→ TASK TO COMPLETE
Output exactly, and only, the lines below from the one with "Ilustración de diferentes" down to the one with "Aroostook Maine Telephone". Include both end lines and no pictures.

→ RECORDED INFORMATION
↓

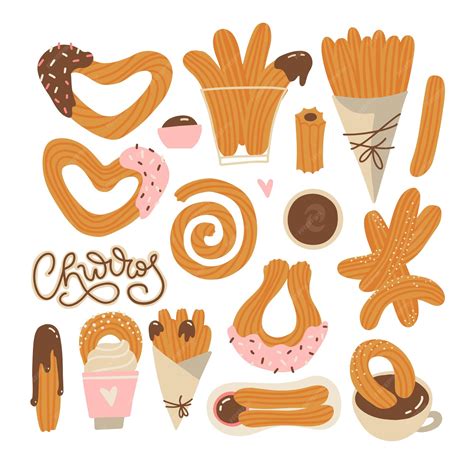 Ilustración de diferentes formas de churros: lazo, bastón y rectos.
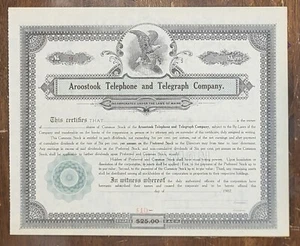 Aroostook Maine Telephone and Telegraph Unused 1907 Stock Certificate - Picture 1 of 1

↑
↓

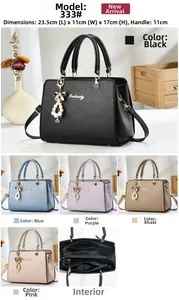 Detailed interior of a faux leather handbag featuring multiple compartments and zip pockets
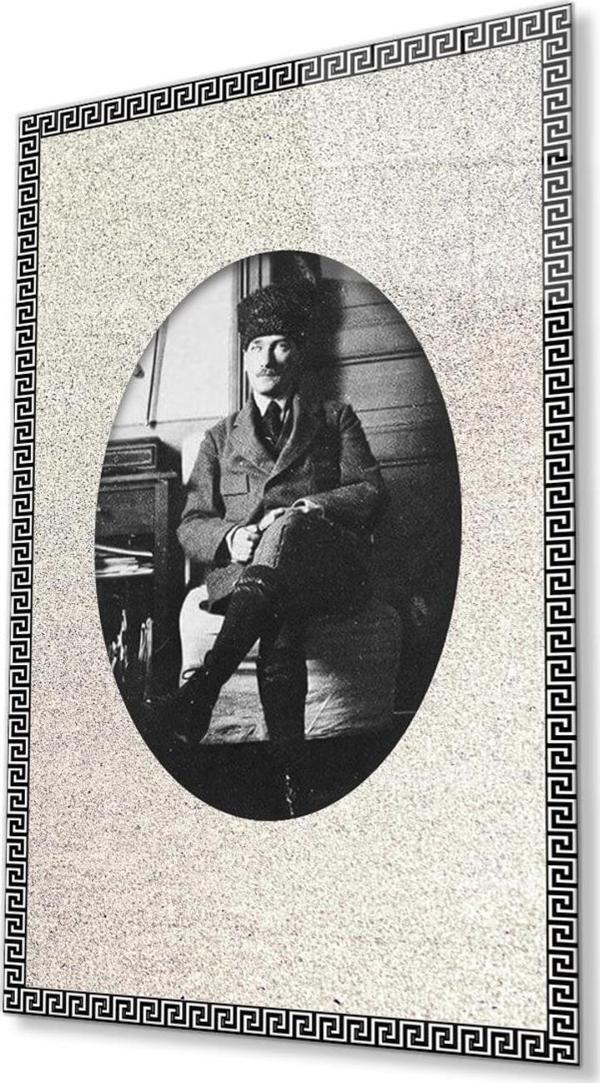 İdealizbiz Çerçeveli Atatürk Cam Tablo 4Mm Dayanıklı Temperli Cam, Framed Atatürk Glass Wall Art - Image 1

↑
↓

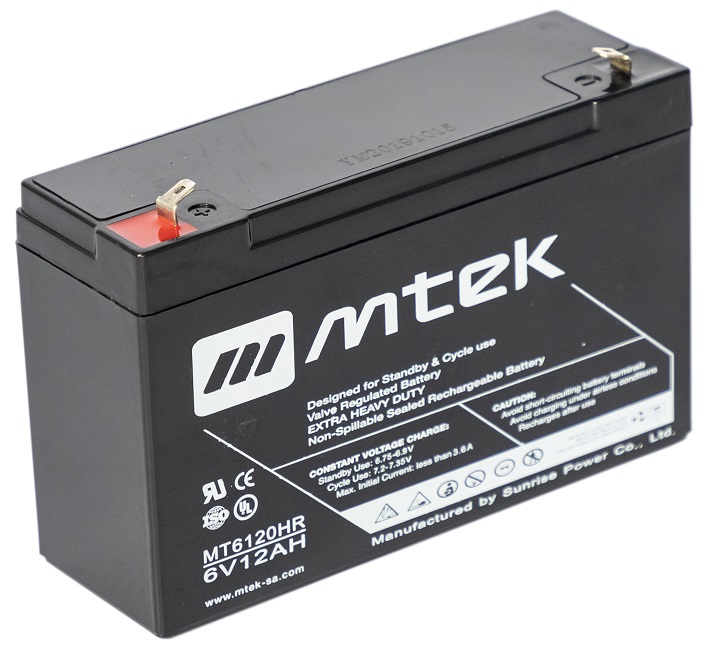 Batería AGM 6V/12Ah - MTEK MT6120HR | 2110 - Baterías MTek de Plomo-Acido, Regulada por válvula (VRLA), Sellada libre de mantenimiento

↑

→ TASK OUTPUT
 Ilustración de diferentes formas de churros: lazo, bastón y rectos.
 Aroostook Maine Telephone and Telegraph Unused 1907 Stock Certificate - Picture 1 of 1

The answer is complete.